##### Records supplied #####
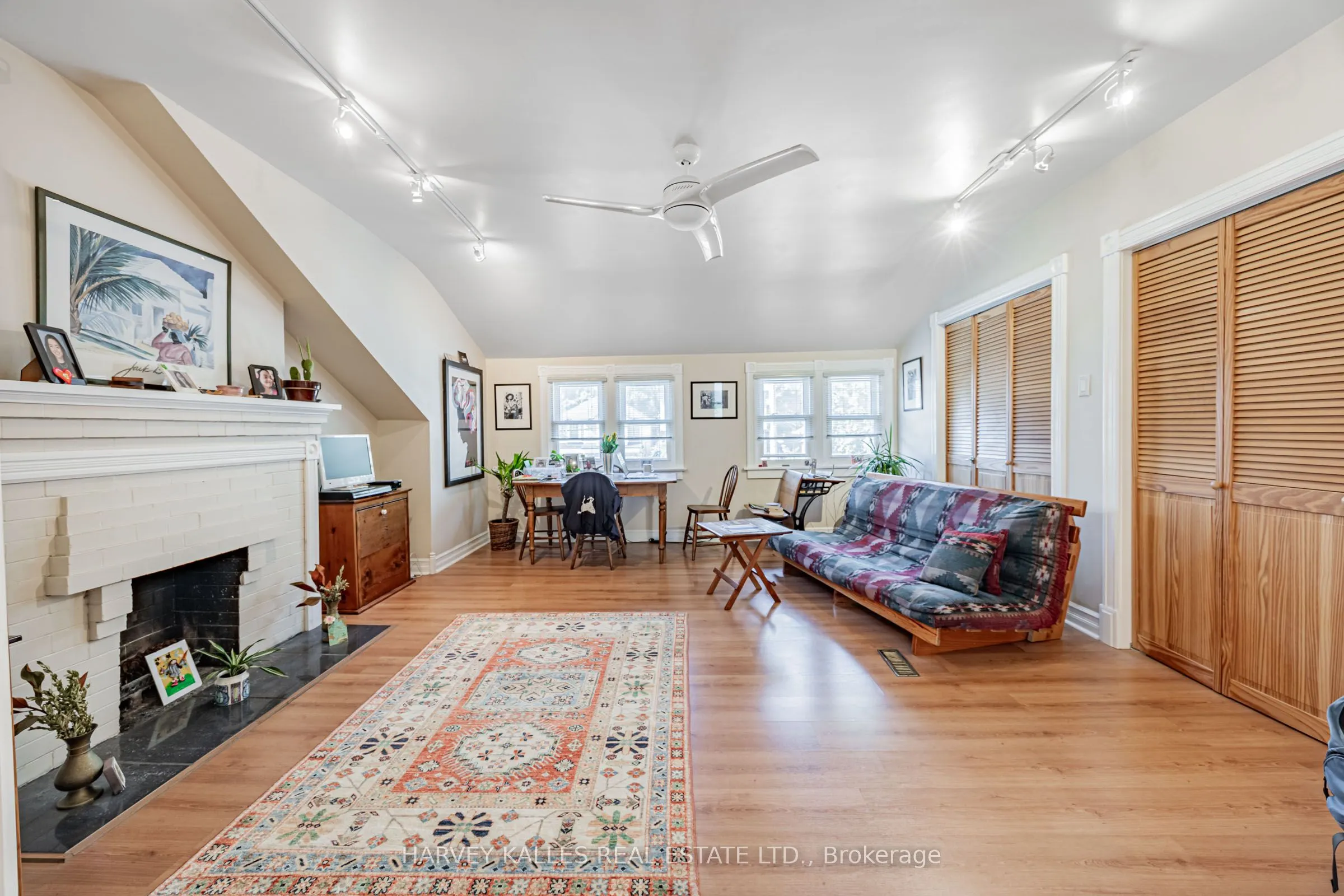 121 Blantyre Avenue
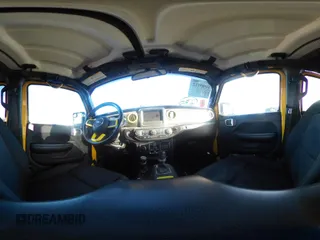 2021 Jeep Wrangler Unlimited Sport S z VIN 1C4HJXDN6MW597477, wystawiony jako IAAI lot #41089112 z przebiegiem 82 315 mil mil oraz . Historia ofert i sprzedaży dostępna na DreamBid. Obrazek 18.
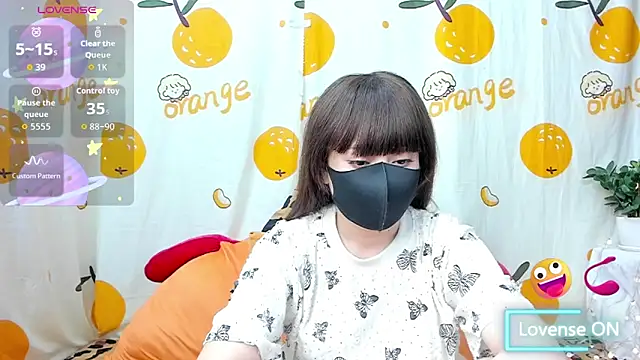 Snapshot of alonelove__ chatting on May 5, 2026, 2:25 am alonelove online show from May 5, 2026, 2:25 am
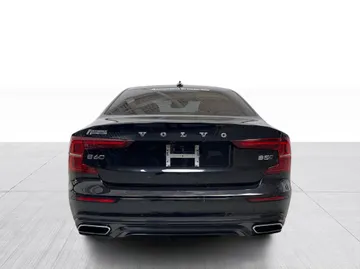 2022 Volvo S60 - image 13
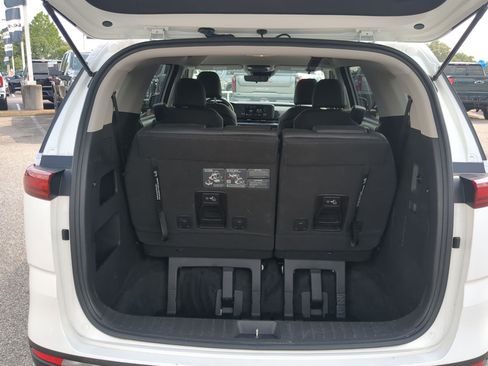 Certified 2024 Kia Carnival LX FWD image 20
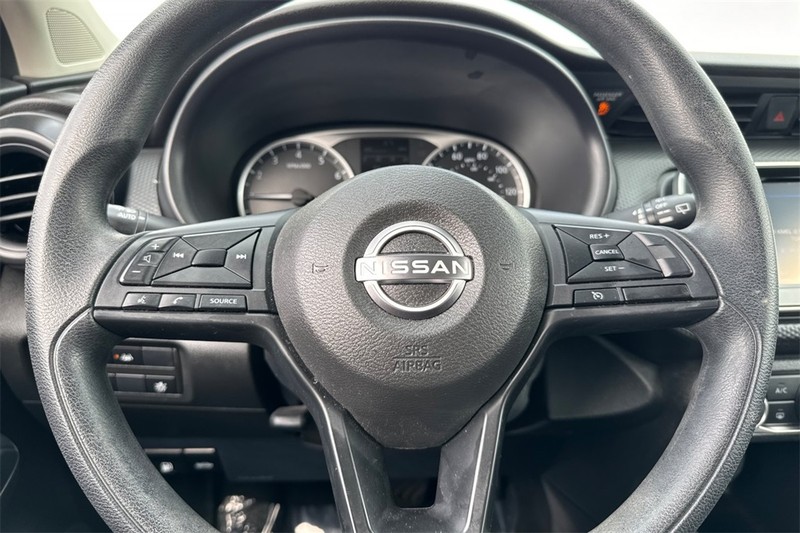 Nissan Kicks Vehicle Full-screen Gallery Image 22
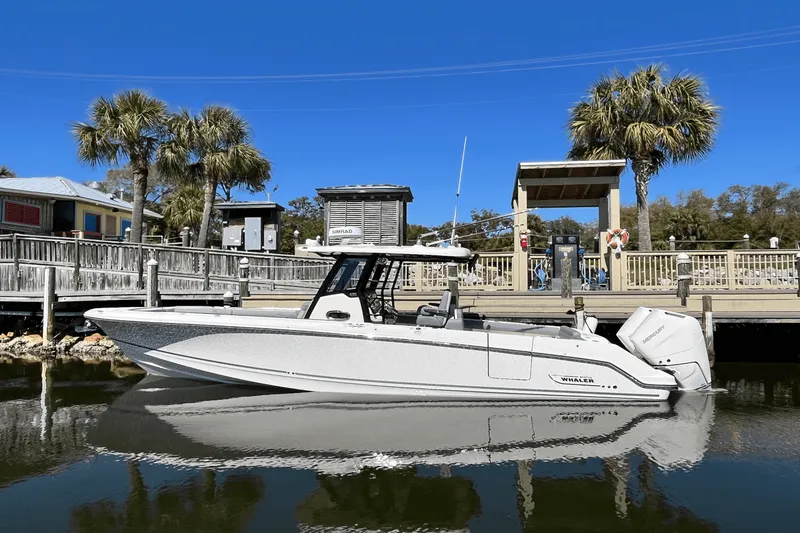 Slide: The Image of Boston Whaler 330 Outrage 2025 - 1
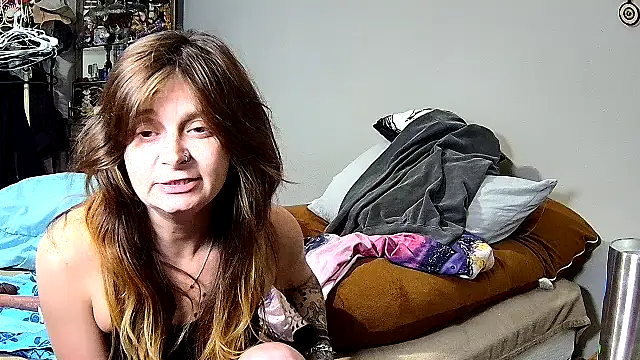 ZeelaXoXo online show from 1, 2, 2026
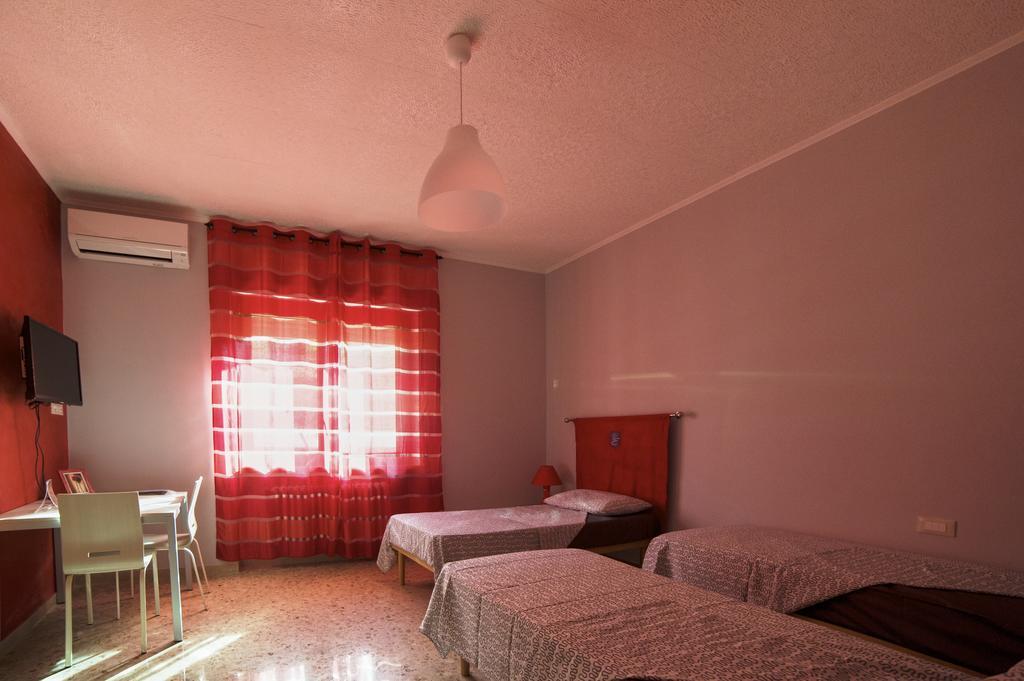 Montesilvano Marina Villa Elena الغرفة الصورة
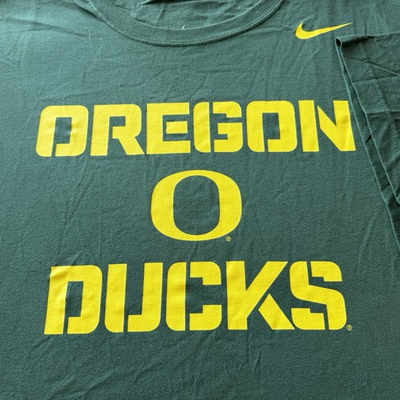 #ad Oregon Ducks VINTAGE Men’s T Shirt 3XL Reg. Fit NCAA Nike never worn $19.00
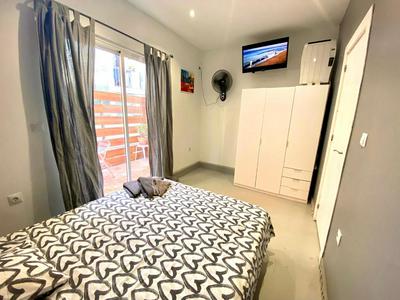 Apartamento de 3 habitaciones en Sants a 2`del metro Badal P9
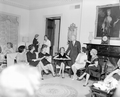 19083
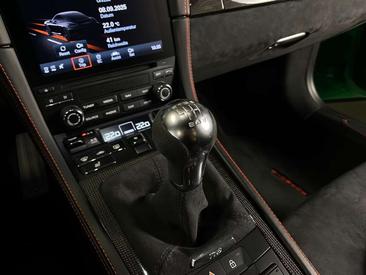 Porsche 718 Cayman GTS — photo 9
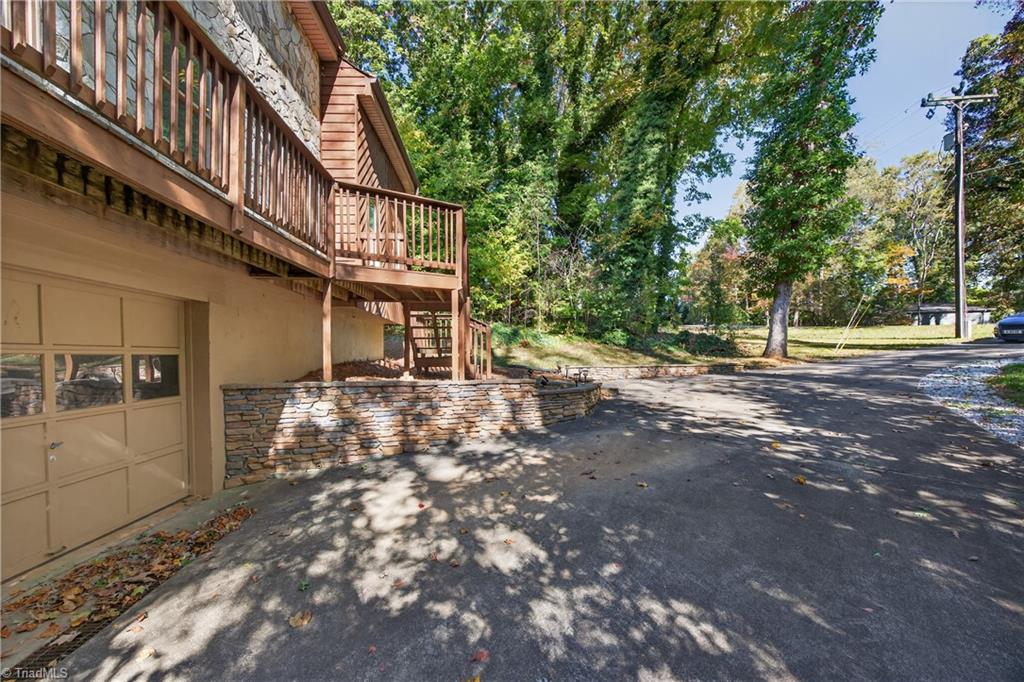 806 Crooked Run Road, Rural Hall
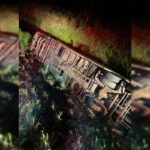 Ônibus com 22 passageiros capota na BR-060 e deixa ao menos 10 feridos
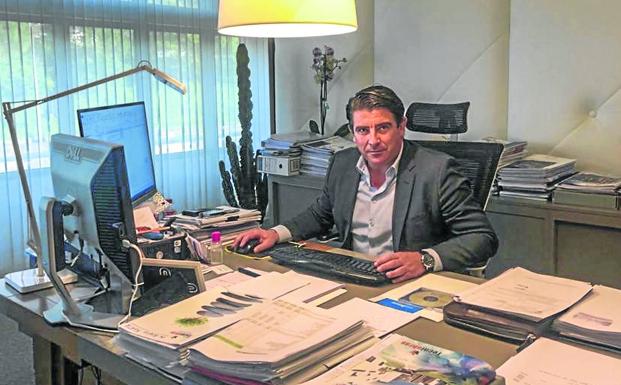 Luis García del Río ha seguido acudiendo a su despacho, mientras la plantilla teletrabaja. DM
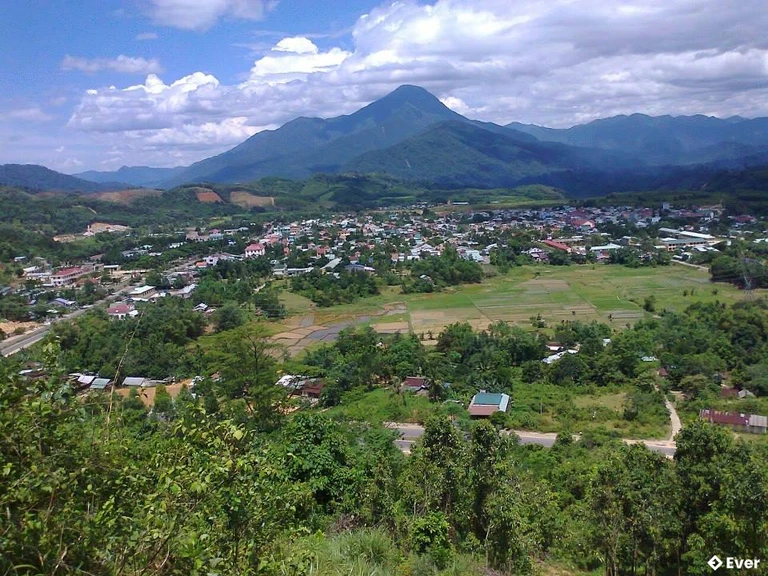 Toàn cảnh thị trấn Khâm Đức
#####
Work to be completed:
Repeat the records in full, exactly as they appear, but with the pictures removed.

Solution below:
 121 Blantyre Avenue
 2021 Jeep Wrangler Unlimited Sport S z VIN 1C4HJXDN6MW597477, wystawiony jako IAAI lot #41089112 z przebiegiem 82 315 mil mil oraz . Historia ofert i sprzedaży dostępna na DreamBid. Obrazek 18.
 Snapshot of alonelove__ chatting on May 5, 2026, 2:25 am alonelove online show from May 5, 2026, 2:25 am
 2022 Volvo S60 - image 13
 Certified 2024 Kia Carnival LX FWD image 20
 Nissan Kicks Vehicle Full-screen Gallery Image 22
 Slide: The Image of Boston Whaler 330 Outrage 2025 - 1
 ZeelaXoXo online show from 1, 2, 2026
 Montesilvano Marina Villa Elena الغرفة الصورة
 #ad Oregon Ducks VINTAGE Men’s T Shirt 3XL Reg. Fit NCAA Nike never worn $19.00
 Apartamento de 3 habitaciones en Sants a 2`del metro Badal P9
 19083
 Porsche 718 Cayman GTS — photo 9
 806 Crooked Run Road, Rural Hall
 Ônibus com 22 passageiros capota na BR-060 e deixa ao menos 10 feridos
 Luis García del Río ha seguido acudiendo a su despacho, mientras la plantilla teletrabaja. DM
 Toàn cảnh thị trấn Khâm Đức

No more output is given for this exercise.